**Problem details:**
Reproduce the opening lines of the listing below exactly, stopping after the line that contains "Collar Danza Celestial" and leaving out any pictures.

**Input:**
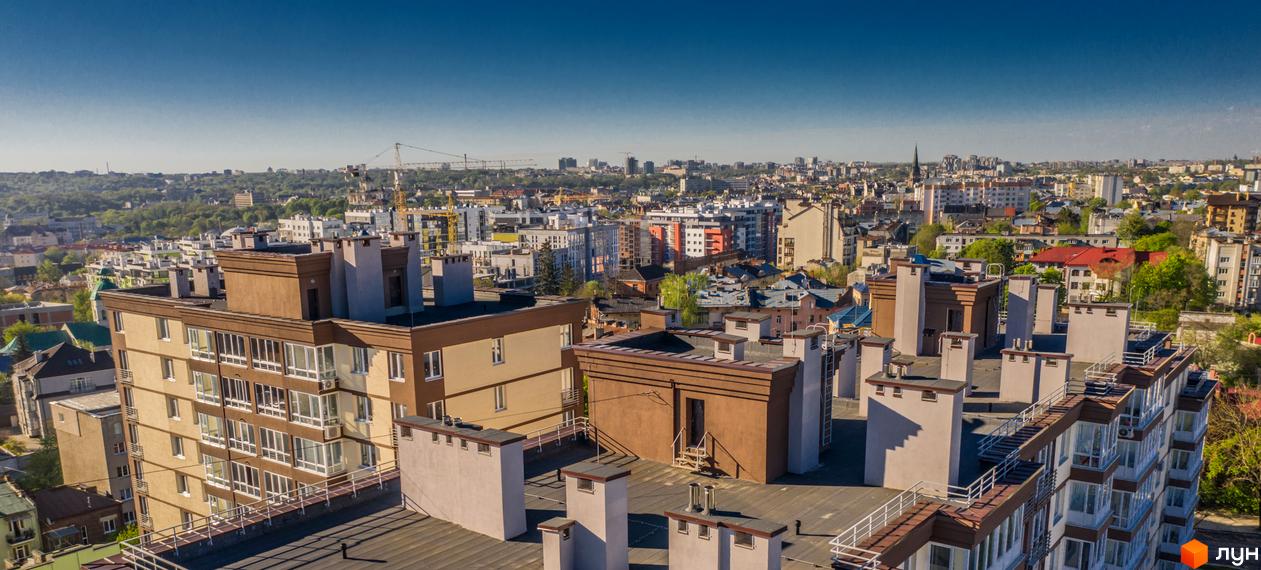 Багатоповерхові будинки Житлового комплексу Шоколад з бежевими та коричневими фасадами, великими вікнами, на тлі міського пейзажу.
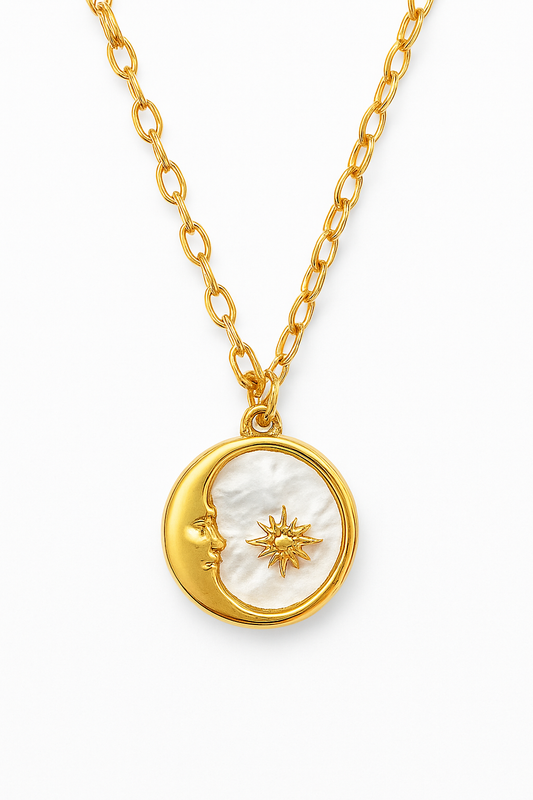 Collar Danza Celestial | Chapa Oro 18k | Esmalte Nacarado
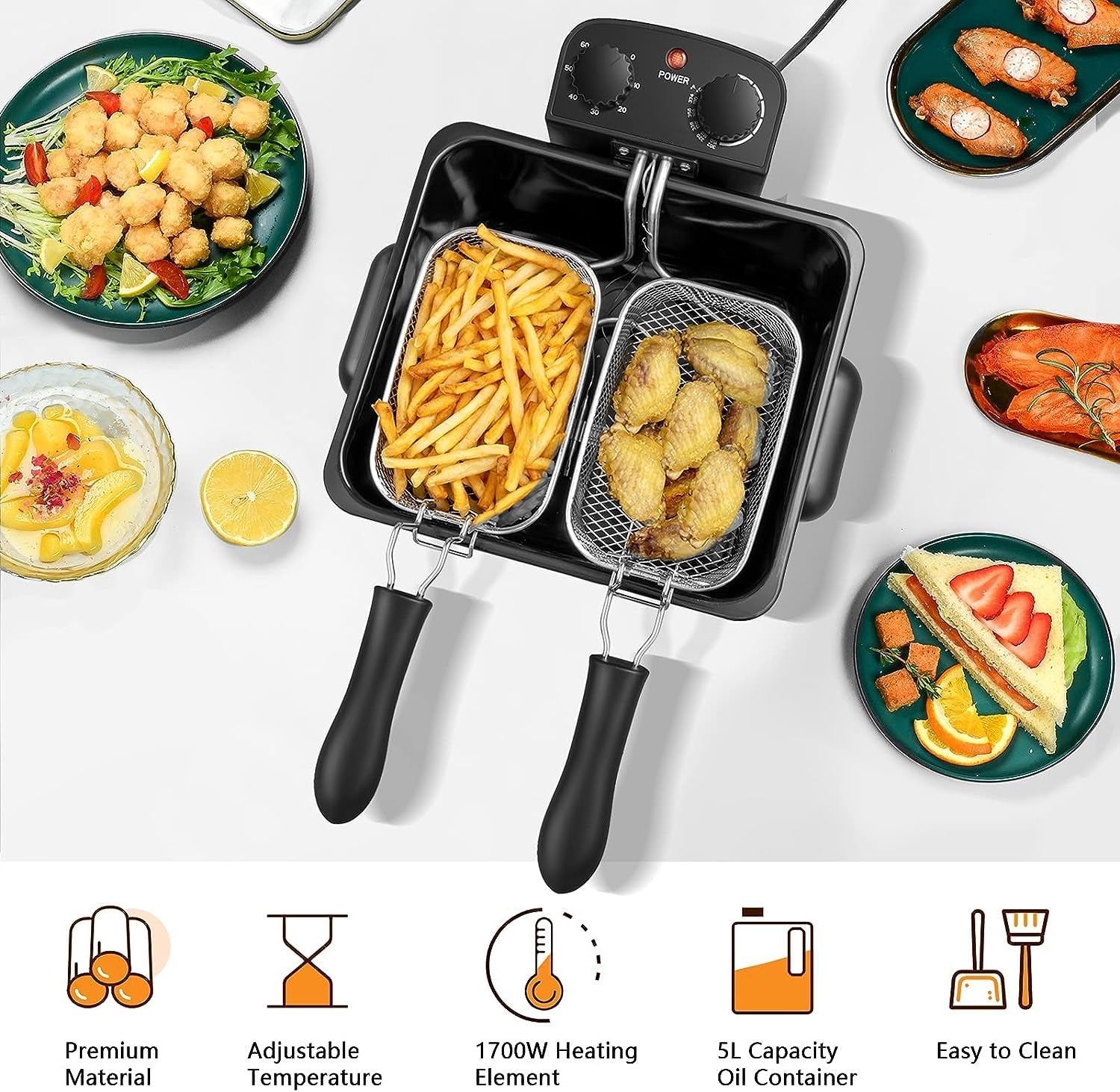 MEDIMALL Deep Fryer with Basket, 5.3QT/21Cup Electric Oil Fryer for Home Use, 1700w Stainless Commercial Countertop Fryers w/View Window/Timer Control/Temperature Knob, Small Fat Fryer for Chicken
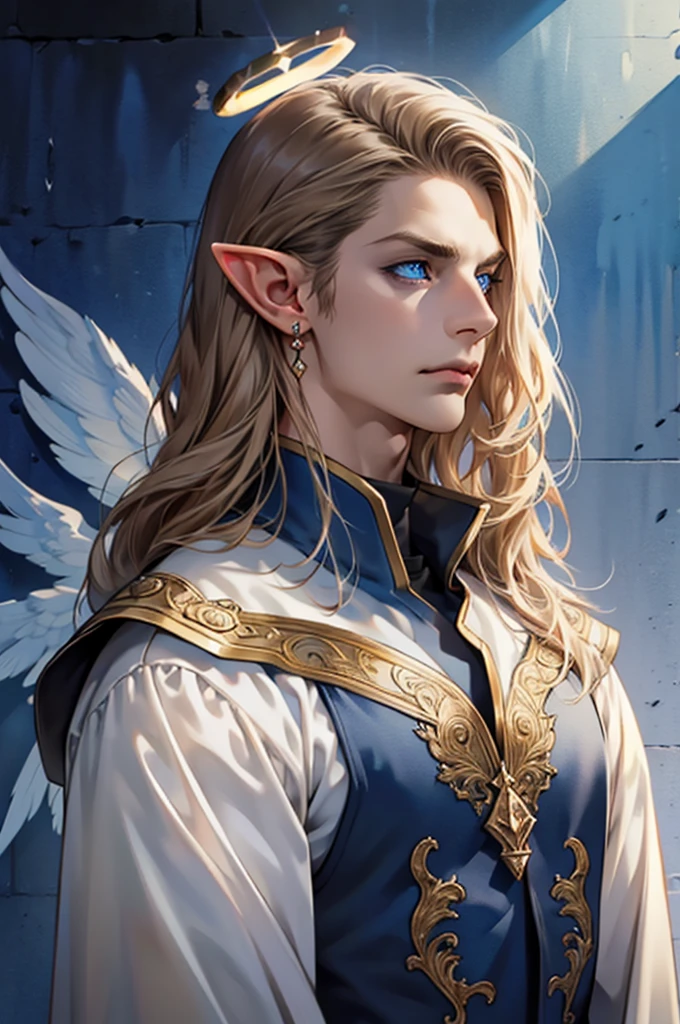 (masterpiece:1.2, best quality), (exquisite eyes: 1.2), ((solo)), (blue eyes:1.4), (exquisite eyes and exquisite face:1.3), ( beautiful and clear background: 1.2), (extremely detailed CG, super detailed, best shadows: 1.1), ((depth of field)), ((watercolor)), Beautiful Concept Art, (dark Background: 0.5), (Illustration: 1.1), (Extremely Delicate: 1.1), (Perfect Details: 1.1), Profile, long hair ,light brown hair,, solo,male, elf ears, ear piercings , black armor, full sleeves, black clothes,Fulllength, angry, bright halo, strong, angel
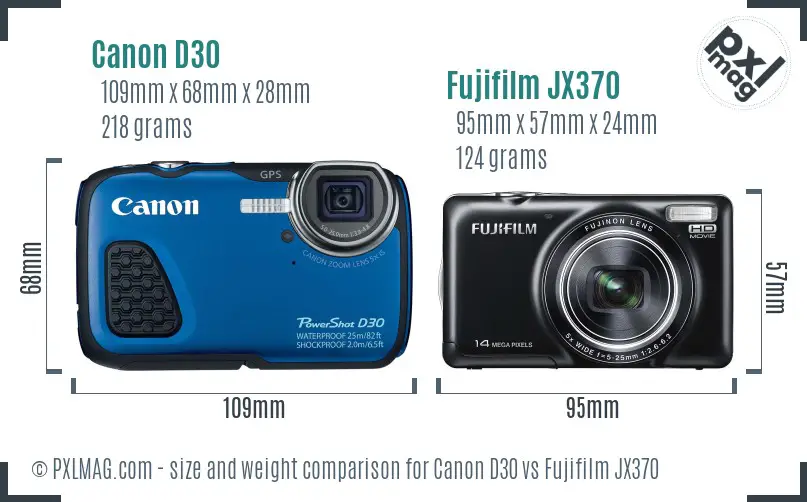 Canon D30 vs Fujifilm JX370 size comparison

**Task solution:**
 Багатоповерхові будинки Житлового комплексу Шоколад з бежевими та коричневими фасадами, великими вікнами, на тлі міського пейзажу.
 Collar Danza Celestial | Chapa Oro 18k | Esmalte Nacarado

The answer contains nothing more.